On his way back home, Perseus comes across a maiden chained to a rock, destined to be eaten by a dreadful sea monster. But when he sees her, Perseus falls in love with Andromeda and saves her. After he stones the sea monster with the Gorgon's head the couple goes to Aethiops, where Perseus is offered half of the kingdom by Cepheus, the father of Andromeda.

After that, Perseus finally returns home, seven years after his journey began. When he arrives at the palace of Polydectes he stones him with the Gorgon's head and gives the kingdom of Seriphos to Dictys. Hearing of his brave actions, Acrisius begins to accept his grandson. On the day of the Games of the Olympus Perseus, who is the strongest and most skilled of them all, participates and wins many crowns. But when he throws the disc for his eighth crown, the disc strays and kills Acrisius, fulfilling the prophecy that started the tale.

== Reception ==
The series Book for the Bairns was later on also called and known as The Masterpiece Library or The Masterpiece Library. Series III. The series was a commercial success and eventually published in other countries, such as France, and in similar versions in the United States and Australia. Most of the stories in the series involve morals, and with the series being a success the stories have been widely used in the education of children in the 19th and 20th century.

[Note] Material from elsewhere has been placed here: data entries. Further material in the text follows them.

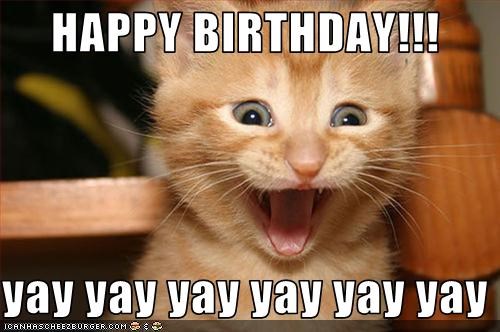 cat birthday memes - happy birthday cat meme - Happy Birthday!!! yay yay yay yay yay yay Toanhasoherzburger.Com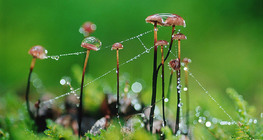 Rugiada su di una ragnatela e funghi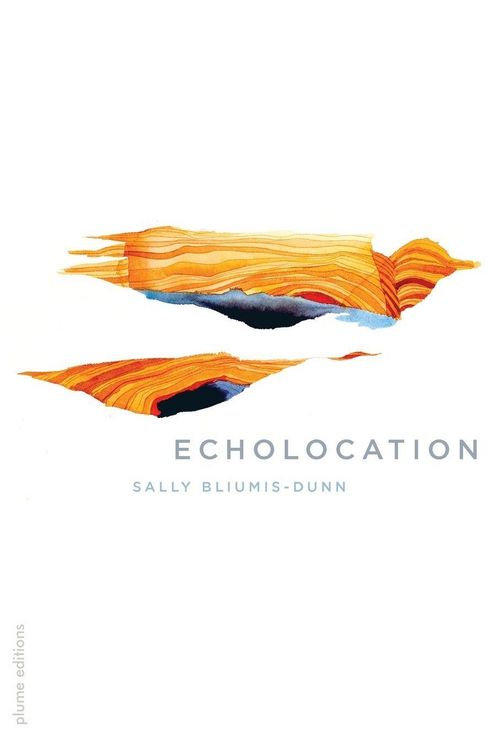 Produktbild: Echolocation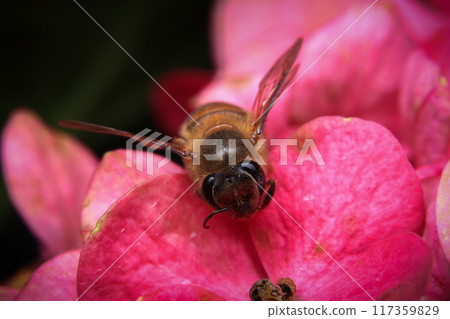 Honey bee on pink hydrangea flower, close up Honey bee on pink hydrangea flower, close up 117359829
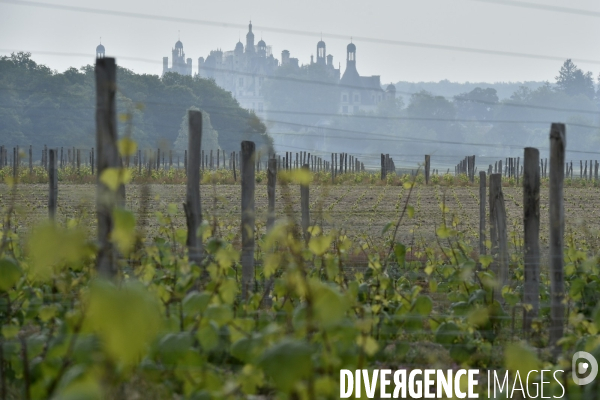 Bataille judiciaire autour du vin de Chambord
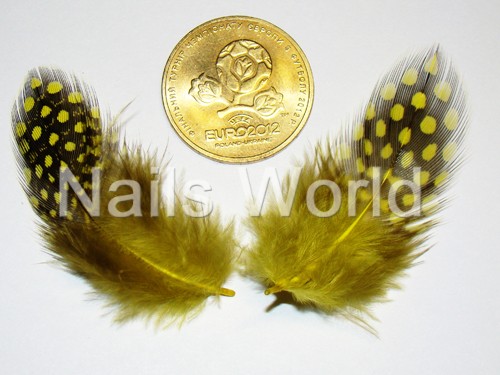 Feathers, yellow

Besides writing about Greek mythology, Stead engaged in other forms of journalism, and his other works were characterized by a progressive humanitarian approach. Stead was often described as having an unconventional personality and is also said to have made large contributions to contemporary investigative journalism. Notably, Stead, who is often described as innovative, was the first editor to employed women. As Stead held strong liberal and pacifist political beliefs, his works often reflect that; for instance, he largely reported about the Hague Peace Conferences of 1899 and 1907. By publishing the Greek myth, Stead aimed to take an educational role, in demonstrating morals and values to the children reading the stories.